● WHAT THE TASK ASKS:
Exactly and only the lines below from the one containing "Set lenjerie de" down to the one containing "Fototapeta premium Resilient" are wanted, both included; please exclude every picture.

● DATASET:
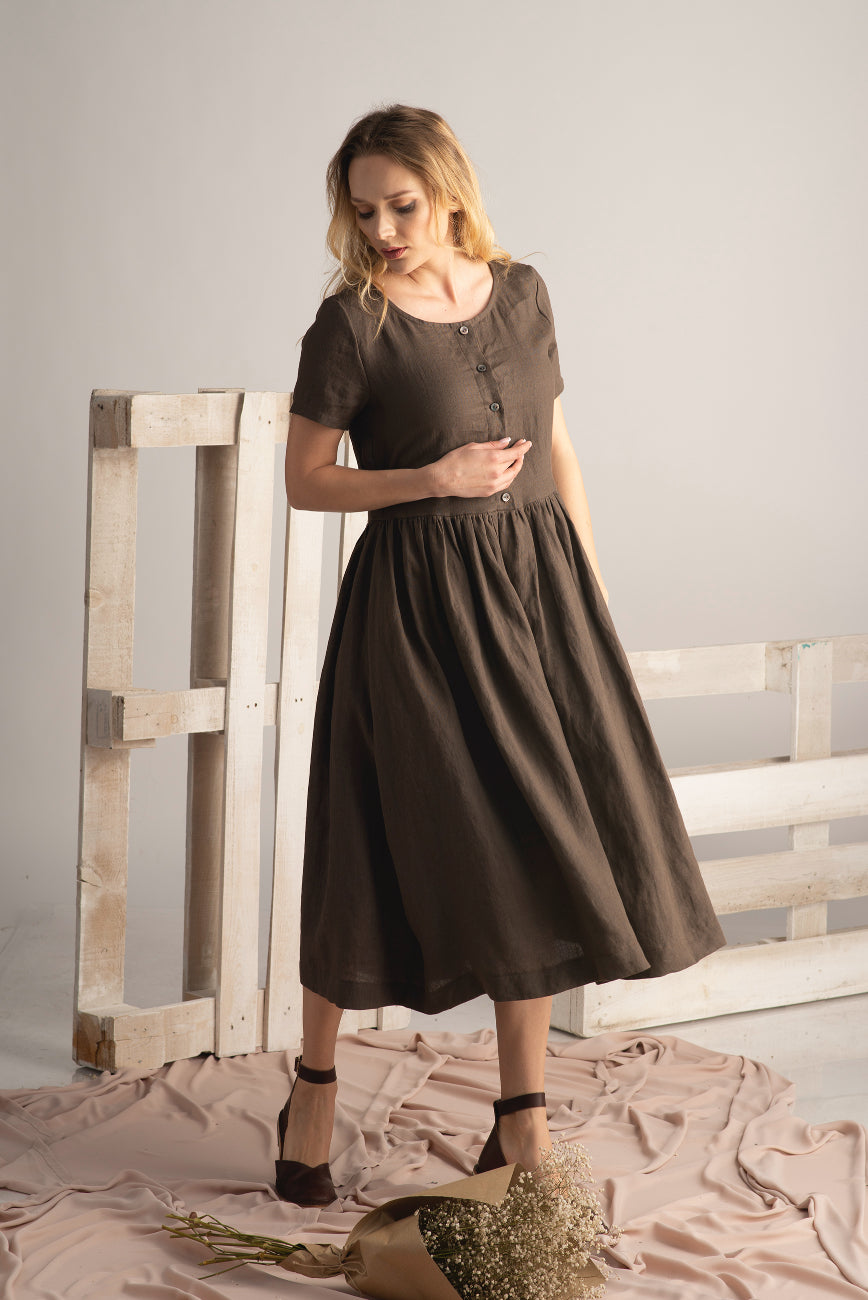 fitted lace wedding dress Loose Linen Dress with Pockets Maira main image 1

...

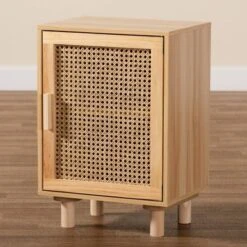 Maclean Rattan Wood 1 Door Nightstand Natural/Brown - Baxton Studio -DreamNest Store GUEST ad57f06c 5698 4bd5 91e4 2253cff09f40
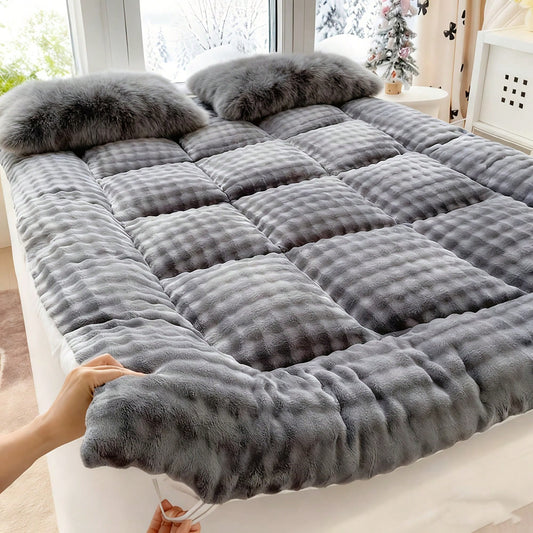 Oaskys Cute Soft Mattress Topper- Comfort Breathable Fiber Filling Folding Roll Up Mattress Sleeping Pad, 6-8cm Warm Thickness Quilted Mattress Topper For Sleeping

* * *

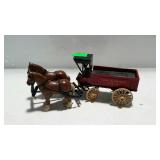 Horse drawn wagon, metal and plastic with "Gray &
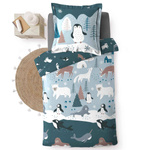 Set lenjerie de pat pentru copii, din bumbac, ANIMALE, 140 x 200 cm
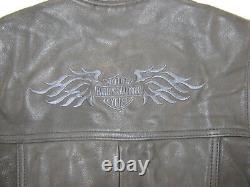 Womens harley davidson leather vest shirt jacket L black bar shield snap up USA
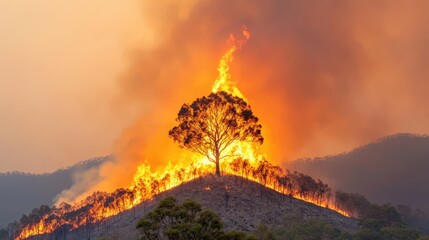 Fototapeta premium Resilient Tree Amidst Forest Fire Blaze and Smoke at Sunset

● RESPONSE TO THIS EXERCISE:
 Set lenjerie de pat pentru copii, din bumbac, ANIMALE, 140 x 200 cm
 Womens harley davidson leather vest shirt jacket L black bar shield snap up USA
 Fototapeta premium Resilient Tree Amidst Forest Fire Blaze and Smoke at Sunset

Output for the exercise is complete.